Search code examples
javaxmlstreamreader

Java XMLStreamReader converts " to "


Suppose, we have the following XML

<Test> <Description> &quot;Hi&quot; </Description> </Test>

I load this XML using XMLStreamReader and parse using the reader object. When I print the characters encountered while parsing using the getText() of the reader, I see that the &quot; is printed as ". Although, "(double-quotes) need not have been escaped to &quot; in the first place, I would like to know why the parser automatically does this conversion when the escaping is not required. For instance, &lt;, &gt; and &amp; are preserved, without which the resulting XML would be invalid. However, this is not the case for &quot; and &apos;. I have to save the description the same way I receive it. Is it possible to do that with the XMLStreamReader API?


Solution

  • I have to save the description the same way I receive it.

    You should not. As far as XML is concerned, &quot; or " are the exact same thing, and therefore it cannot matter to you whether you obtain one or the other.

    As for why it's happening, it is an XML parser's job to unescape escaped characters so that they present you with the data they mean. It also unescapes &lt; and so on. However, when the text such obtained is then serialized back into XML, the serializer will escape again characters such as < because it's required by XML, but it won't bother escaping " because that's not necessary.

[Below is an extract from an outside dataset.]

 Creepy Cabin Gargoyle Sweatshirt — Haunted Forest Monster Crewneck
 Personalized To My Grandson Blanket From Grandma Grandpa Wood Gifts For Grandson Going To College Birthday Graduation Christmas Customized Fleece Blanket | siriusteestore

    When you go through a process of parsing XML, then serializing again, you cannot have a concept of "preserving" the escapes as-is. That's inherently lost in conversion. The parser just is not in charge of preserving this unneeded info. However, if you wish your " to always be escaped to &quot; in the resulting XML, your XML serializer might have an option for that (you gave no details about what you're using, so I can't tell you definitely whether you can or cannot.)